PRISM is not so much driven by ideology or terrorism. It’s the joint strategy of the Western world to get out of the financial crisis by changing the traditional rules of the world wide economic game. PRISM seems to have the most efficient, powerful data collection and processing tools ever available. It can be assumed that it’s here to stay, and that there is no chance of ever getting it switched off.

Obama, rebranded
Obama, rebranded.


An Opportunity for Change

Instead of thinking about how we could equally distribute wealth, it will become a much more important question as to how we can redistribute data equally. In Marx’s times, it was work and the worker. In the future it will be data access and the data miner. Data will replace capital as the primary power mechanism. Therefore, we have to design the rules for data carefully. Again, that doesn’t mean money has disappeared. It’s just assumed a more abstract form, one that reflects the quantification of everything. Hence data.

PRISM can’t be stopped. The technology is available and will therefore be used, if not by the Americans, than the British, or whomever. Right now, only a very small elite of people have access to PRISM, which gives its users an enormous amount of power. This is risky for all of us, as we cannot know whether we can entrust such an enormous amount of responsibility to anonymous people within the secret services. We need to change this.

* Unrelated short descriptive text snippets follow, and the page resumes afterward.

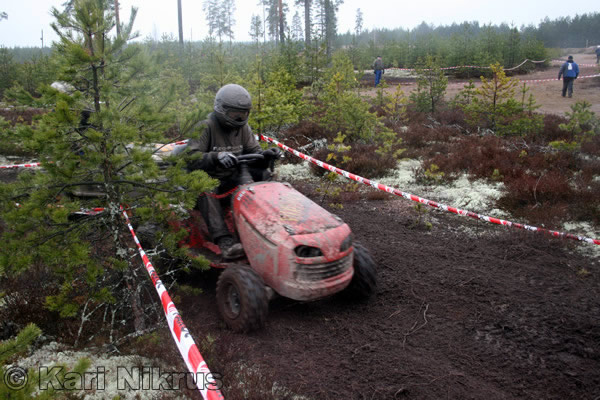 Ruohonleikkureiden 3h kest�vyysajot 05.04.2008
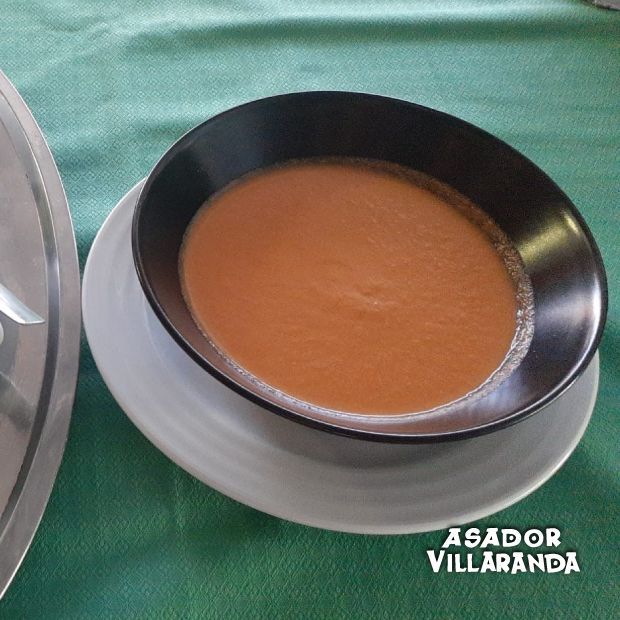 Villaranda_'s tweet photo. Con el calor, entre nuestros comensales sólo hay un rey: 👑🌞 el 𝗚𝗔𝗭𝗣𝗔𝗖𝗛𝗢 🍅🥒 A nosotros nos gusta prepararlo al estilo andaluz, con derivados frescos de la huerta: tomates, pepinos, pimientos verdes, cebollas y un poquito de ajo 🧄🧅 y servirlo bien frío con guarnición https://t.co/cG6gFU0RUo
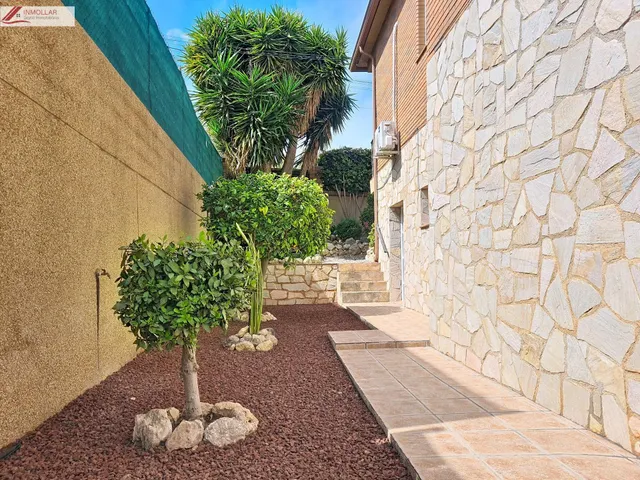 En venta Chalet independiente con piscina — 27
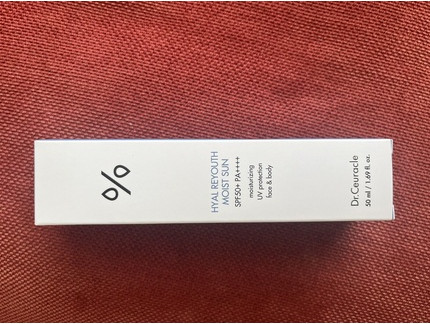 Солнцезащитный крем Dr Ceuracle Hyaluronic Re-Youth Moist Sun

Internationally-binding legislation should be made to make publicly accessible all data collected by the state. If required, we could all become data miners. That way everybody would be their own superpower. It would be impossible to beat us.

Democracy would get a chance again, as everyone would have the potential to access to the same level of information as anybody else – a very crucial and mostly neglected detail when it comes to real democratic processes instead of the simulations of democracy we see taking place in so many countries worldwide.

Instead of distributing capital evenly, we’d focus on distributing data access and analysis evenly.

The world of data is new, and the rules for this new world are not yet settled.  This is a huge opportunity for substantial change. Let’s not miss it.